During the last three years, the Broncos have drafted well, and this roster has talented players on both sides of the ball. However, there are questions that need answers before the start of the regular season. In this series at 1043TheFan.com, we will go through each position group searching for those answers.

This is the latest part in our Training Camp Preview. Today, we’ll take a deep dive on the safety position.

***

Starters: Justin Simmons, Kareem Jackson

The Broncos have one of the best starting safety duos in the NFL. So long as these two stay healthy, the team has no problem keeping up with opponents from this position. The strength and versatility of both players allow the Broncos to move them around the formation to get the best matchup on game day.
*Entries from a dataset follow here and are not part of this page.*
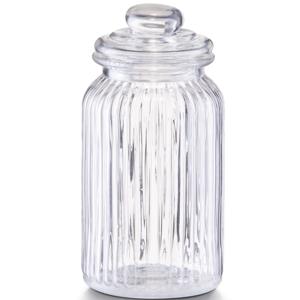 Zeller Voorraadpot - glas - rond - strepen - 1,2 L - 11 x 22 cm - bewaarpot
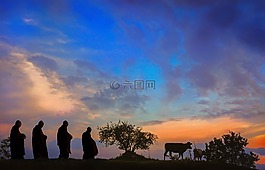 日出,僧侶,早上pindacara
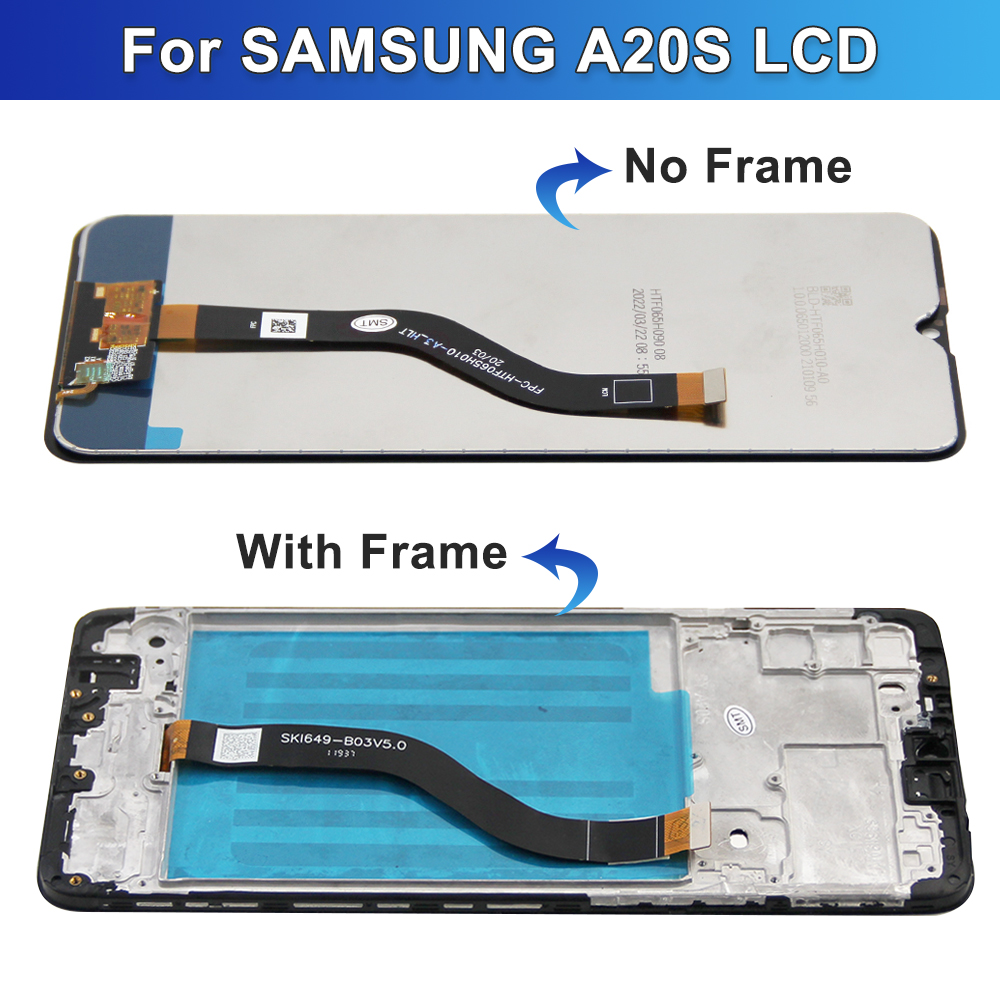 6.5" For Samsung A20S LCD Display SM-A207F/D SM-A207M/DS Display Touch Screen Replace For Samsung A207 Display With Frame. 
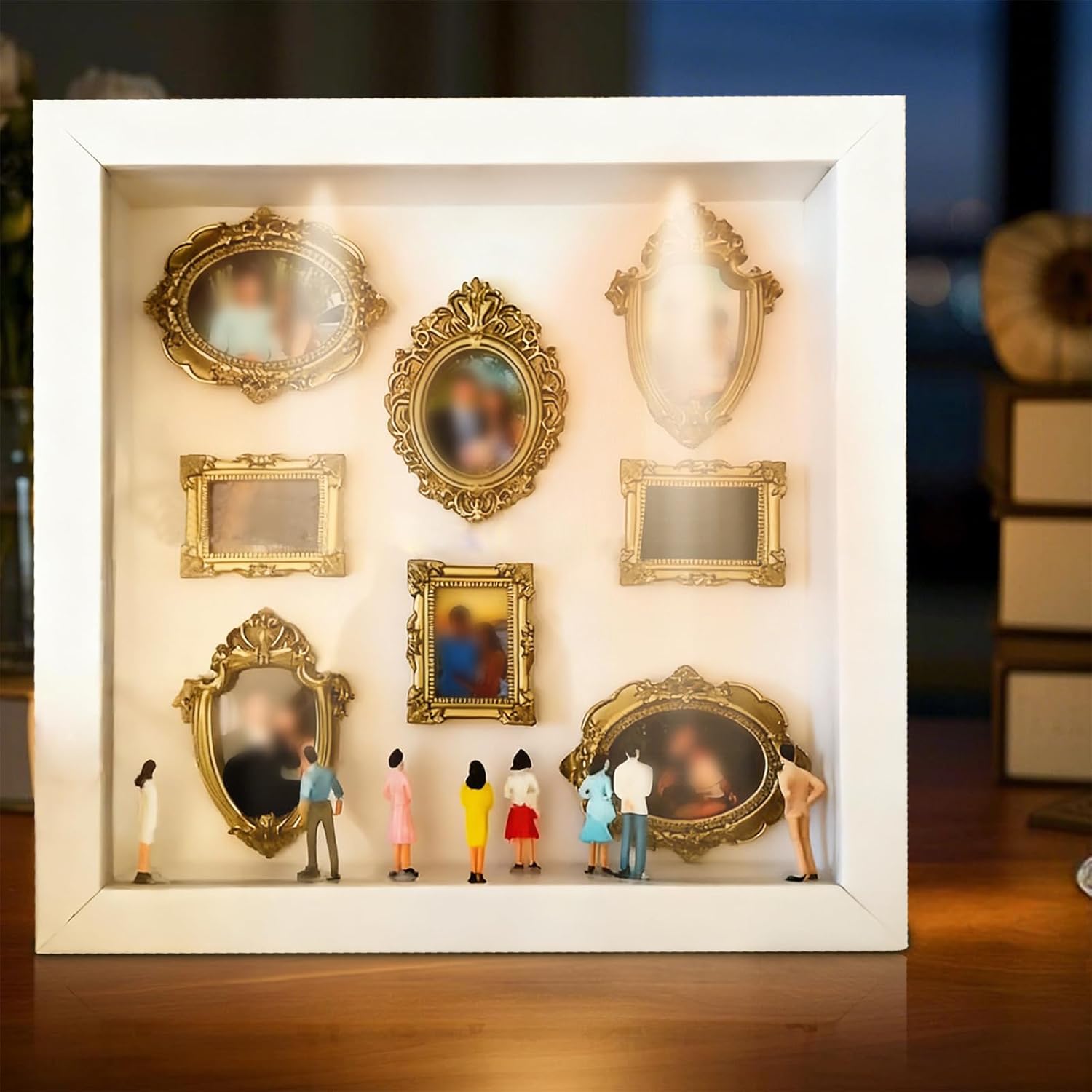 DIY Mini Museum Silhouette Box–Celebrate Your Unique Memories in Style, Personalized DIY Photo Family Memory Display Case Frame Silhouette Box with Gold Mini Frames & Figurines (White) - Image 3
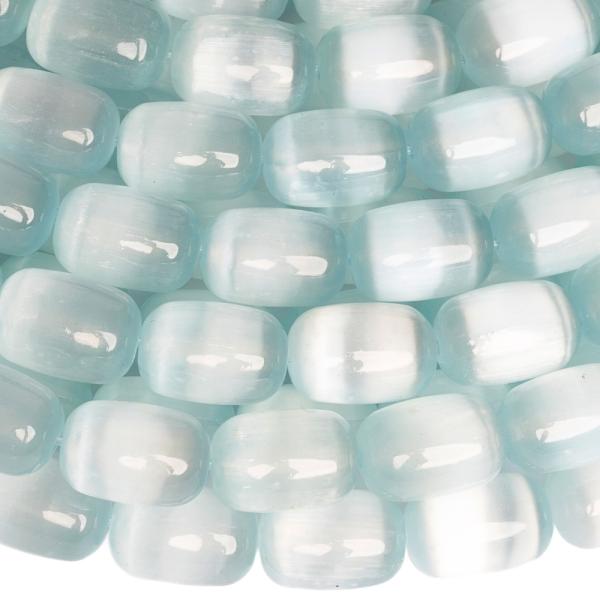 Vil�gosk�k szelenit gy�ngy�k 8�12 mm hengerek f�lhossz� zsin�r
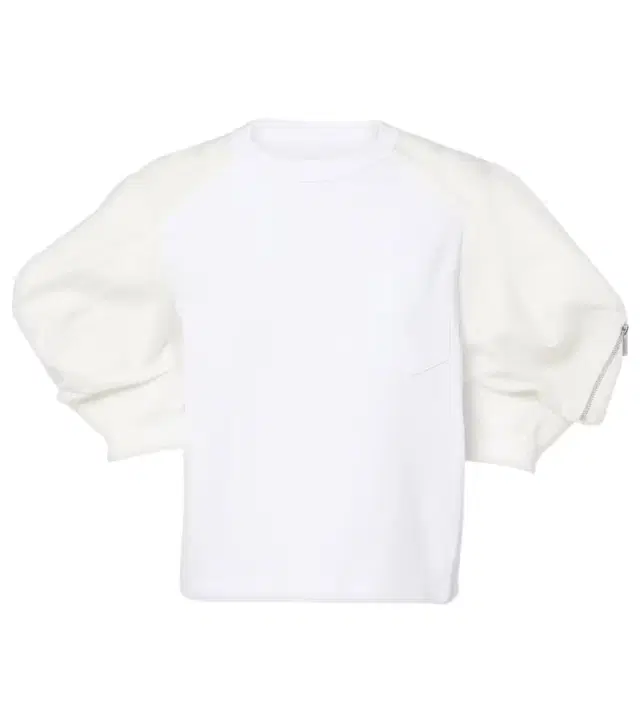 Puff-sleeve cotton-blend T-shirt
Justin Simmons has been an outstanding draft pick for the Broncos. A third-round pick out of Boston College in the 2016 NFL Draft, Simmons came into the league with a reputation of being a high-character and high-intelligence player. He’s turned out to be just that, as his numbers getting better and better each year. Entering 2019, Simmons had 13 pass breakups and in his first season playing for Vic Fangio, Simmons had a whopping 15 pass breakups last season.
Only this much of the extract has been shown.